Methodological advance

The case study has developed and tested epistemic injustice as a new methodological framework for researching problems in the history of medicine and healthcare. Approaches to epistemic injustice pose questions about the processes by which certain ways of knowing and knowers are included and excluded in healthcare relations and systems and in healthcare policy-making. Asking how, why and with what consequences some ways of knowing health, illness and disease have been granted credibility and authority while other ways of knowing have not are valuable questions for developing new lines of research in the history of medicine and healthcare. The case study demonstrates how this framework can facilitate new ways for historians of medicine and healthcare to examine how, why and with what consequences some knowers and forms of knowledge have been granted greater credibility & authority than others in healthcare policies and systems.

Key findings

The case study has made two major findings regarding the development and implementation of selective neonatal vaccination in Britain, which are the focus of research papers that have been presented in various fora and are being prepared for publication:

1. Selective vaccination of Asian neonates proceeded for over two decades (1965-1991) without underpinning research or evidence of the efficacy of BCG vaccine in this population.

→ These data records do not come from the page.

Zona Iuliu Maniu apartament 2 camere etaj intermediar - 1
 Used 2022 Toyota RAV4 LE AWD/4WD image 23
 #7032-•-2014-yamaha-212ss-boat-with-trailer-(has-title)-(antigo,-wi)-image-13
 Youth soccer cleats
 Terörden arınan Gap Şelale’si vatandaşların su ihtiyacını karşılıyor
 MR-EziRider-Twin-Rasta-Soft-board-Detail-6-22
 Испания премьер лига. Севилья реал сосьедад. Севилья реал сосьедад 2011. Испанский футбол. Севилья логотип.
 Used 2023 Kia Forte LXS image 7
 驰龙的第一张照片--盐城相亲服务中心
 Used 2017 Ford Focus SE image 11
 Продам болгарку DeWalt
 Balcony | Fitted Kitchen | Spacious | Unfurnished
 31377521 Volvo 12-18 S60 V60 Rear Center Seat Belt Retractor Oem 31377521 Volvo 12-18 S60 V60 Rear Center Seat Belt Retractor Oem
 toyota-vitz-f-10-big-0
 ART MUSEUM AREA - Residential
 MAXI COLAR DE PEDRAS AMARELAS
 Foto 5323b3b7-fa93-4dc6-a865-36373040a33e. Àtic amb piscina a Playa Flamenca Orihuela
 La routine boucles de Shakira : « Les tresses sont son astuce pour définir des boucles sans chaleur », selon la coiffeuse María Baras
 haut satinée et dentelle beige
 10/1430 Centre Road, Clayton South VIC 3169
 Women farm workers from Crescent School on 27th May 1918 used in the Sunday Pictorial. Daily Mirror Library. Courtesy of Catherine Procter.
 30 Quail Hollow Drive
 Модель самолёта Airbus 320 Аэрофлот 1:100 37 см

2. Selective neonatal vaccination has historically rested on uncertain and poorly defined risk criteria for the identification of Asian babies for BCG vaccination, which has continually raised concerns among health care professionals and communities that the policy was discriminatory and, in some instances, racist.

These findings point to significant epistemic and ethical problems in selective BCG vaccination policies and programmes targeting Asian infants, which can be assessed as specific forms of testimonial and hermeneutical injustice. It may also be the case that, in certain instances, they also produce what ‘contributory injustice’, where conceptual resources created by marginalized communities on vaccination are dismissed or discredited by policy-makers, because these communities are not seen as credible contributors to the epistemic task at hand.

Talks and lectures

“Selective tuberculosis vaccination: Connecting the coloniality of knowledge and epistemic injustice in vaccine policy”, Department of Social Studies of Medicine, McGill University, 3 December 2025

“Selective BCG vaccination in Britain: What can its history teach us about epistemic injustice in vaccine policy?” McGill University International TB Centre/WHO Collaborating Centre. 7 November 2025

“Colonial history of global health”, Invited lecture, Fundamentals of Global Health, Department of Global and Public Health, McGill University, 19 September 2025.

“The post-colonial history of selective BCG vaccination in Britain: A case of epistemic injustice in healthcare?” Health & Society Program – Annual Lecture, York University Canada 16 April 2025. https://events.yorku.ca/events/health-society-program-annual-lecture

Appointments

Between September and December 2025, Michael Bresalier is Visiting Professor at the Department of Social Studies of Medicine (SSoM) at McGill University, Canada. He will be giving talks on this EPIC case study at the McGill University International TB Centre/WHO Collaborating Centre and at SSoM, along with giving guest lectures on courses in the Department of Global Health and in SSoM.